MERIDEN, Conn. — No one knows what happened that January night when 12-year-old Joseph Daniel Scruggs tied one end of a dark blue tie around a bar in his closet and the other end around his neck.
Daniel and his 17-year-old half-sister, Kara, had been up late, watching a movie and eating spaghetti. Their mother, Judy, a teacher's aide in Daniel's school who also worked part-time at Wal-Mart, had gone to bed early.
One of Judy Scruggs' many regrets is that she didn't check on Daniel when she heard a banging from his room that night. She didn't check on him in the morning either, assuming that he was asleep in the large closet -- his "fort" -- where he often slept.
It wasn't until she got home that afternoon that she asked Kara to get her brother.
She can still see her son, neck bent, palms blue, the life choked out of him by the tie that she gave him for Christmas.
After more than two years, Scruggs remains bewildered by the world's determination to judge her.
"What have I done," she asked, "except be a mother?"

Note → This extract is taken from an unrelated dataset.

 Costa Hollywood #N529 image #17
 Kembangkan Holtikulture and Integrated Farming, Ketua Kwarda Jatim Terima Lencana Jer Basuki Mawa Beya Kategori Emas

But prosecutors say that she wasn't a good enough mother, that she reared her children in a home that was cluttered, unsanitary and unsafe. They say that is one reason Daniel, who was mercilessly tormented by bullies at school, took his own life on Jan. 2, 2002 -- the day before classes were to resume after the holidays.
Daniel himself left no note, no explanation.
In an extraordinary move, police arrested the single mother nearly four months after Daniel died. Although his death was ruled a suicide, Scruggs, then 50, was charged with risk of injury to a minor.
"They might as well have charged me with murder," she said.
But prosecutors argue that the conditions in which Daniel lived in the three-bedroom apartment, where clothes and clutter filled the rooms and a putrid smell filled the air, amounted to criminal neglect.
"This was not about Daniel's death, but about the horrific way he lived," Det. Gary Brandl said.
For months after his death, Daniel's sweet smile seemed everywhere -- radiating from newspapers and television news.
So was the story of his bullying.
Students at Washington Middle School came forward with tales of how the 63-pound seventh-grader had been a walking target, picked on almost daily. He had been shoved into desks. His things had been stolen. Once, his head had been pulled back so far that his neck nearly snapped.
Daniel wore mismatched clothes -- camouflage pants and a plaid shirt -- and often wore the same clothes for days. Sometimes, when he was jeered, he lashed back, only to be suspended for fighting. More often, he fled in tears.
Although he had an IQ of 139, Daniel sometimes babbled in baby talk. His breath smelled. He soiled himself in class. Other students nicknamed him "stinky." One teacher later told investigators that she held her nose whenever she passed him.
There were indications that Daniel had attention deficit disorder and that he was depressed.
Yet for all the signs of a child in crisis, no one intervened other than to document that Daniel was troubled -- not teachers, not the guidance counselor, not the police officer stationed at the sprawling urban school.
In fact, a damning report by the state child advocate's office would later suggest that when Daniel skipped school for weeks at a time, no one seemed to care.
It was easier not to deal with Daniel Scruggs. It was easier to look the other way.
After his death, the child advocate's office launched an investigation. Parents formed an anti-bullying organization. The Legislature passed anti-bullying laws.
There was so much guilt and so much blame -- and a question no one could answer. What drove the boy to take his life?
The school blamed Daniel, saying he was a bright child who brought his trouble on himself.
The mother blamed the school, saying it should have protected her son from bullies. She hired a lawyer last month and filed suit.
Police blamed the mother, saying living conditions in the home were "appalling and unsafe," with "piles of debris, clothing, junk and other clutter."
Brandl, the detective, said the evidence amounted to more than clutter. Daniel had used his mother's credit card to access Internet pornography. Kitchen knives were found near the boy's body. And years ago, when Daniel was a baby in Virginia, the state had briefly investigated allegations of neglect.
"This isn't about bullying," Brandl said. "This was a straightforward case of neglect."
But even he acknowledged that others should have helped Daniel.
Why, Scruggs asks, is she the one labeled a criminal?
Judy Scruggs is a small, rumpled woman with short blond hair and eyes swollen from tears. "I'm not the best housekeeper," she said. "But I loved Daniel and he loved me, and nobody can judge me on that."
But many have judged Scruggs: the media, the schools, her own family.
After Daniel's death, her 26-year-old son went public with his anger against the mother he felt had abandoned him, leaving him and his two older sisters to be reared by grandparents.